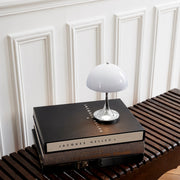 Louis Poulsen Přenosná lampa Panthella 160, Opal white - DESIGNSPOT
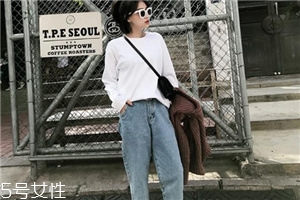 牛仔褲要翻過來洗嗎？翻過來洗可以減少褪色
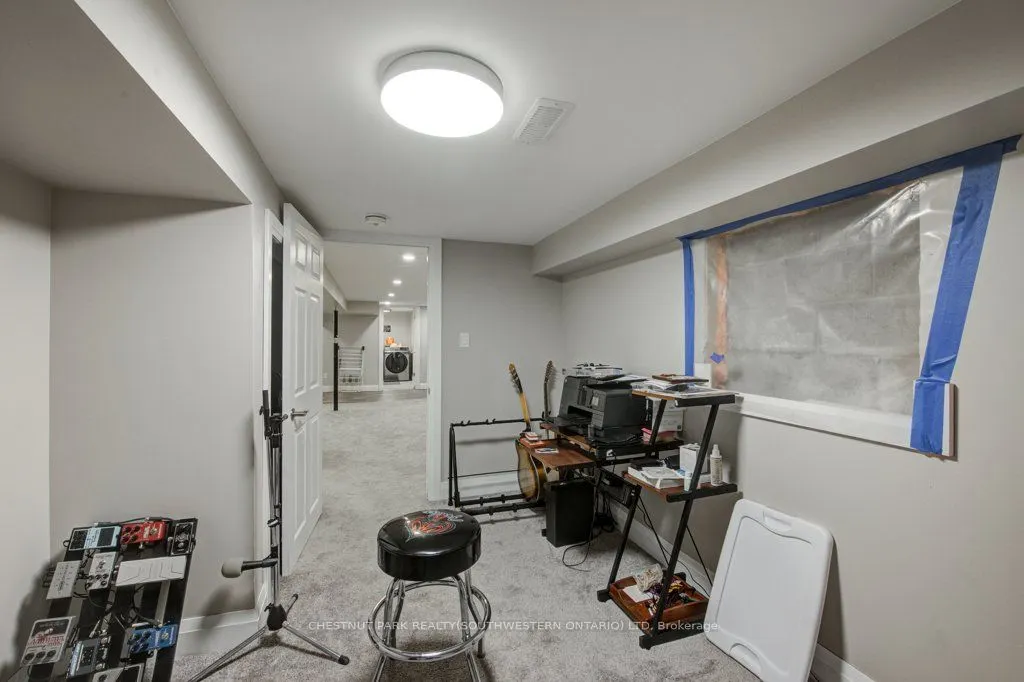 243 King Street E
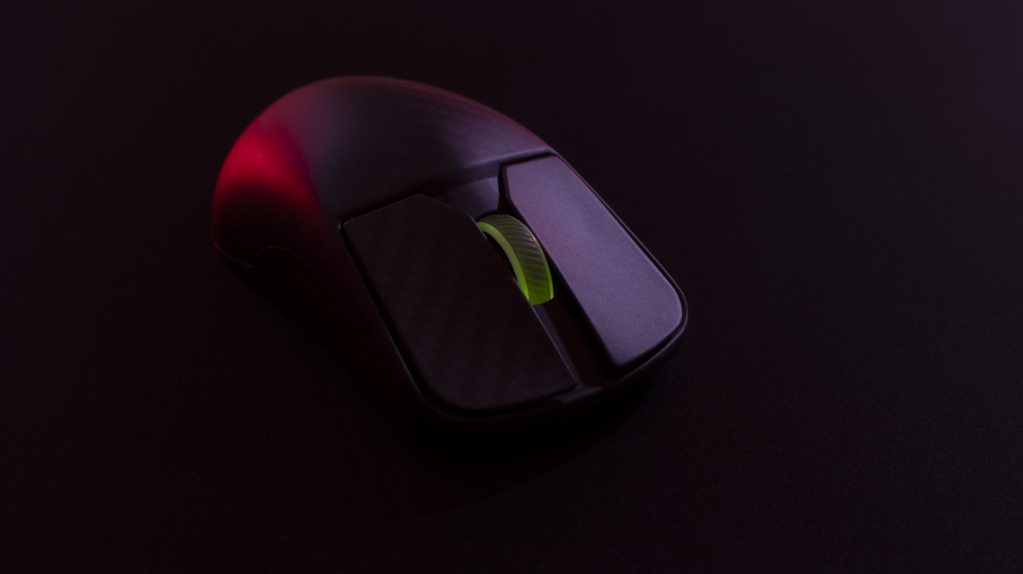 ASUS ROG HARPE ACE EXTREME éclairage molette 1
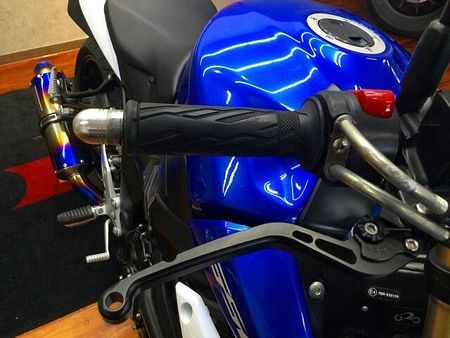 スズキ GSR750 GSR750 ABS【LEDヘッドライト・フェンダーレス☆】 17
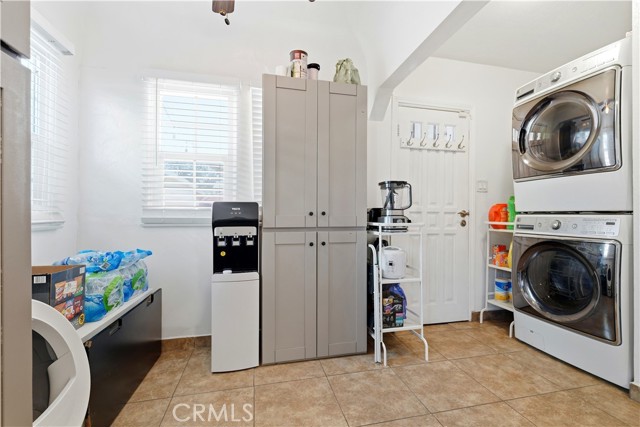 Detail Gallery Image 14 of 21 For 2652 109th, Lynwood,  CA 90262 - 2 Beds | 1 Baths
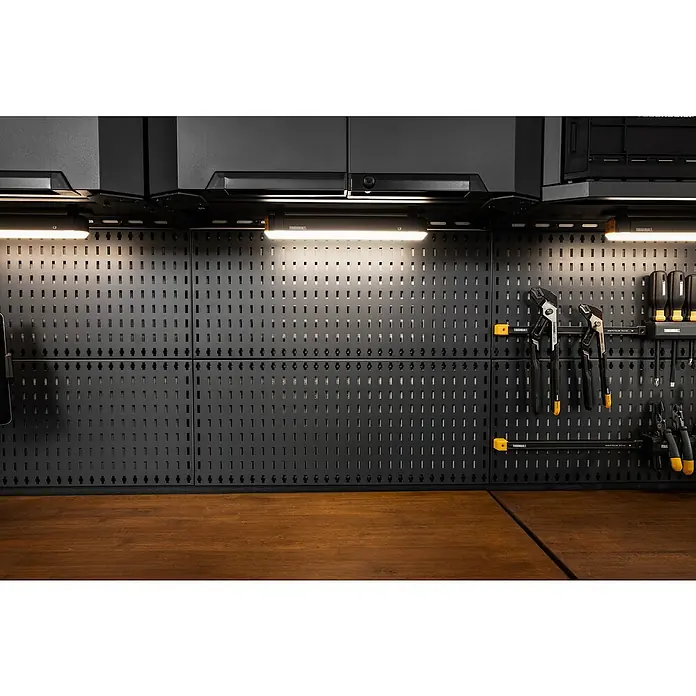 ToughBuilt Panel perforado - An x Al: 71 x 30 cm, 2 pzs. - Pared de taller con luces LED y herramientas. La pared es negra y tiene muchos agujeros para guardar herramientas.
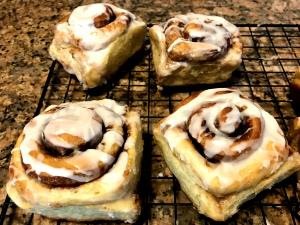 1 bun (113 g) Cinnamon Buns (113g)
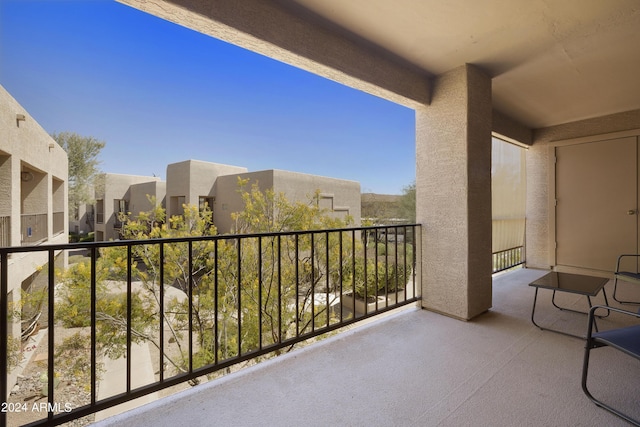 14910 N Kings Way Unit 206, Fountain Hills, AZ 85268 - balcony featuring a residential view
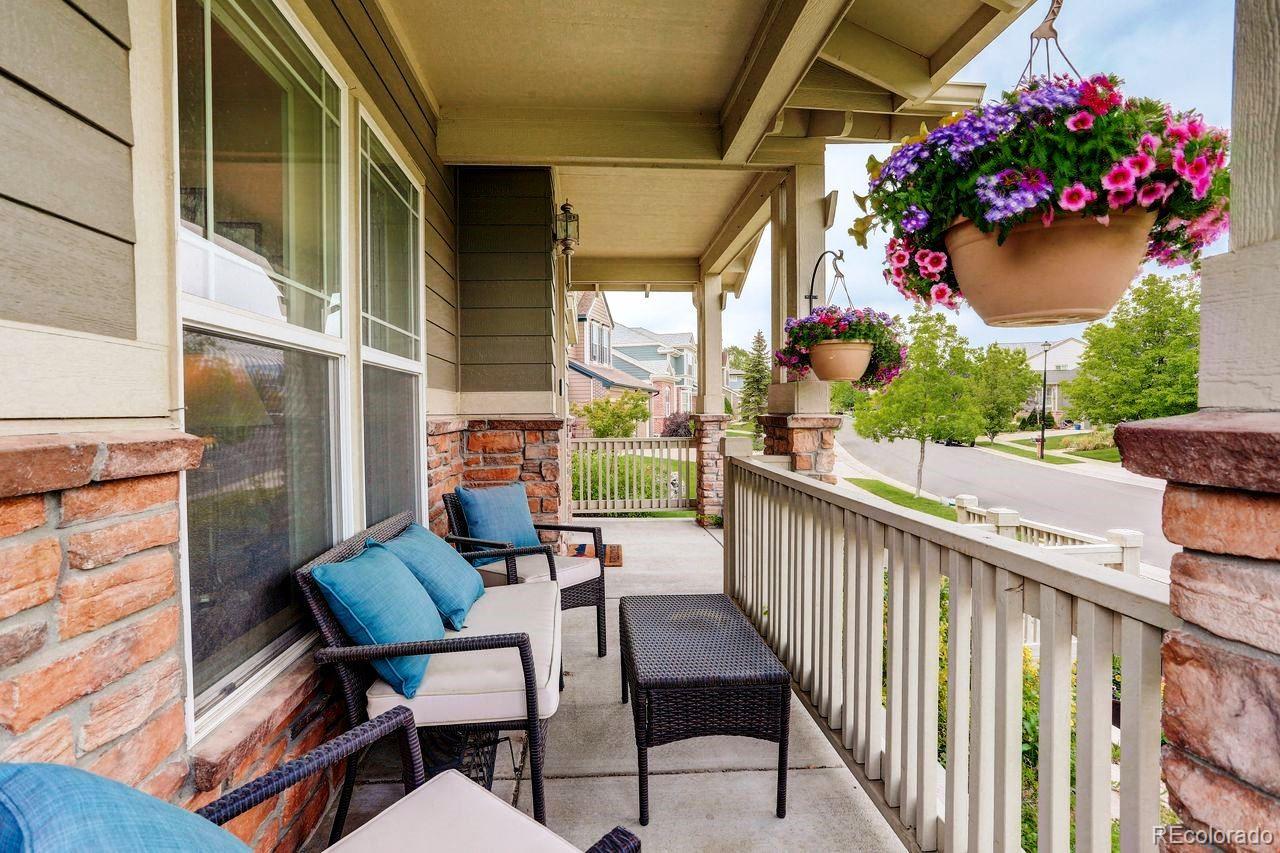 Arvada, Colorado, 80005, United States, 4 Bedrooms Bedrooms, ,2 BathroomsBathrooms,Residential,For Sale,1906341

* * *

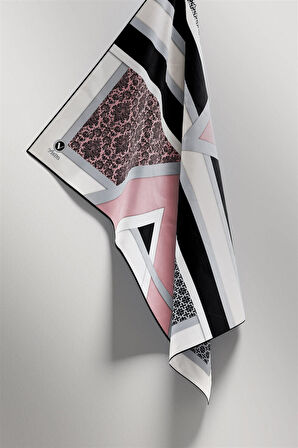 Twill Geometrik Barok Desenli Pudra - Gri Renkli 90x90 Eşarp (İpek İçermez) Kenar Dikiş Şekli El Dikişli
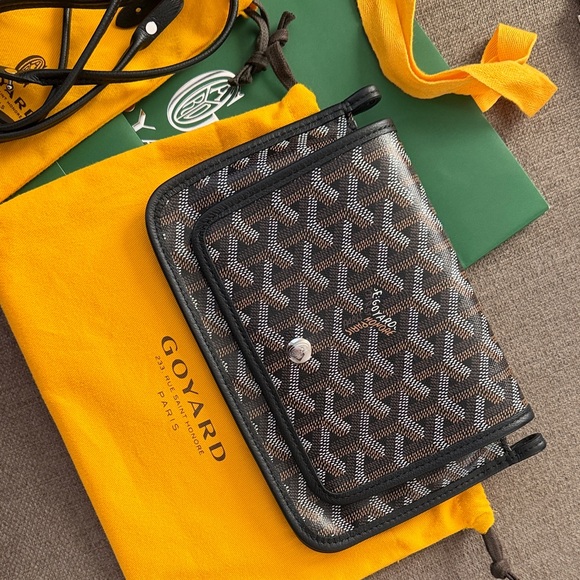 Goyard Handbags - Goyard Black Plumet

WHAT YOU HAVE TO DO
Look back over the records above. Reproduce exactly everything from the line with "14910 N Kings" down to the line with "Arvada, Colorado, 80005, United", inclusive, and leave the pictures out.

TASK ANSWER
 14910 N Kings Way Unit 206, Fountain Hills, AZ 85268 - balcony featuring a residential view
 Arvada, Colorado, 80005, United States, 4 Bedrooms Bedrooms, ,2 BathroomsBathrooms,Residential,For Sale,1906341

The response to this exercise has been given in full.